Zudem verlängert sich – mit einer recht späten Blütezeit von Juli bis Oktober – die Pollensaison deutlich, was durch ein Ausbleiben von Frost in Zeiten des Klimawandels noch weiter gesteigert werden könnte. Ambrosia wird aufgrund der botanisch verwandtschaftlichen Nähe und sehr ähnlichen Blattform häufig mit dem gemeinen Beifuß (Artemisia vulgaris) verwechselt, zu dem auch Kreuzreaktionen von Ambrosiaallergenen mit Beifußproteinen bekannt sind (4).

Ambrosia weist zudem nicht nur Pollenallergene auf, sondern auch Kontaktallergene. Über die in der Ambrosiapflanze enthaltenen Sesquiterpenlactone kann es zu Kontakturtikaria und Kontaktdermatitis kommen (5).

Pollenallergene aus Ambrosia

In den USA sind die Pollen der Ambrosia mit einer Sensibilisierungsrate von circa 26 Prozent ein Hauptauslöser von allergischen Reaktionen im Spätsommer und Herbst (6). Auch in Europa ist eine steigende Prävalenz zur Sensibilisierung zu erkennen (7). Bislang sind in Ambrosiapollen zehn Allergene, mit zum Teil mehreren Isoformen, bekannt (Tabelle 1). Am bedeutesten ist hierbei das Majorallergen Amb a 1, welches zur Familie der Pektatlyasen zählt. Diese spielen in der Pflanze eine Rolle für die primäre Zellwand, indem sie die Spaltung von Pektin (einem Hauptbestandteil) katalysieren. Im Pollen werden Pektatlyasen für die Ausbildung des Pollenschlauches und der damit verbundenen Neusynthese an Zellwand benötigt. In Pricktests reagieren 95 Prozent der ambrosiaallergischen Personen positiv auf Amb a 1 und weisen erhöhte allergenspezifische Immunglobulin-E-(IgE-)Werte auf (4).
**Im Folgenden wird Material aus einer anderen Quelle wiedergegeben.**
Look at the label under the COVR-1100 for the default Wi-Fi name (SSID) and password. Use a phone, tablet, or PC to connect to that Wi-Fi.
Bekannte Allergene aus Ambrosia artemisiifolia
Tabelle
Bekannte Allergene aus Ambrosia artemisiifolia

Bei dem Ambrosiaallergen mit den zweithöchsten IgE-Reaktionen handelt es sich um eine Cysteinprotease (Amb a 11), auf das bis zu 66 Prozent aller Ambrosiaallergiker reagieren (8). Eine eher untergeordnete Rolle spielen die Allergene Amb a 3, Amb a 5 und Amb a 7. Zu einer weiteren wichtigen Gruppe, den Panallergenen, zählen Amb a 6 (ein unspezifisches Lipidtransferprotein), Amb a 8 (Profilin), Amb a 9 und Amb a 10 (Polcalcin, calciumbindende Proteine). Diese Panallergene sind aufgrund wichtiger Funktionen in der Zelle evolutionär stark konserviert und weit verbreitet, was zu breitgestreuten Kreuzreaktivitäten führen kann (9).
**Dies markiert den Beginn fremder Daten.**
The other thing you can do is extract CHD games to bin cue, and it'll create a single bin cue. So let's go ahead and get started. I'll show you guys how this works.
Polcalcine (calciumbindende Proteine aus Pollen) kommen ausschließlich in Gräser-, Kräuter- und Baumpollen vor, während Profiline in allen Eukaryoten, also auch in pflanzlichen Nahrungsmitteln oder Latex vorhanden sind (9). Hierdurch können als Kreuzreaktion auch pollenassoziierte Nahrungsmittelallergien auftreten, so kann ein Ambrosiaallergiker mitunter beim Verzehr von Sellerie, Anis, Pfeffer, Petersilie oder Karotten allergische Reaktionen bekommen (5), auch Kreuzreaktion zwischen Ambrosia, Banane und Melone sind bekannt (10). Die Kreuzreaktivität von Ambrosia- mit Beifußallergenen ist sicherlich sehr bedeutsam, da neben den in beiden Pflanzen enthaltenen Panallergenen (Amb a 6 – Art v 3; Amb a 8 – Art v 4; Amb a 9 – Art v 5) auch Homologien des Majorallergens aus Ambrosia Amb a 1 zu dem in Beifuß weniger relevanten Art v 6 vorhanden sind sowie eine Homologie zwischen dem Minorallergen Amb a 4 und dem Majorallergen Art v 1 aus Beifuß besteht.

Klima- und Umweltfaktoren

Einhergehend mit dem Klimawandel kommt es auch zu einem Anstieg der Temperatur, längeren Dürreperioden, erhöhten CO2-Gehalten in der Luft und auch die Konzentrationen des bodennahen Ozons steigen an. All diese Faktoren genauso wie das anthropogene Stickstoffdioxid (NO2) haben einen Einfluss auf die Vegetation und somit auch auf die allergentragenden Pollen. Untersuchungen unter kontrollierten Gewächshausbedingungen zeigten, dass erhöhtes CO2 genauso wie Trockenstress und die Kombination aus beidem zu erhöhten Proteinmengen von Amb-a-1-Isoformen führt. Auch kam es zum Anstieg eines Quercetin-Derivates, einem Flavonoid, welches durch potenzielles Binden an Allergene einen Einfluss auf die Allergenität haben könnte (11, 12).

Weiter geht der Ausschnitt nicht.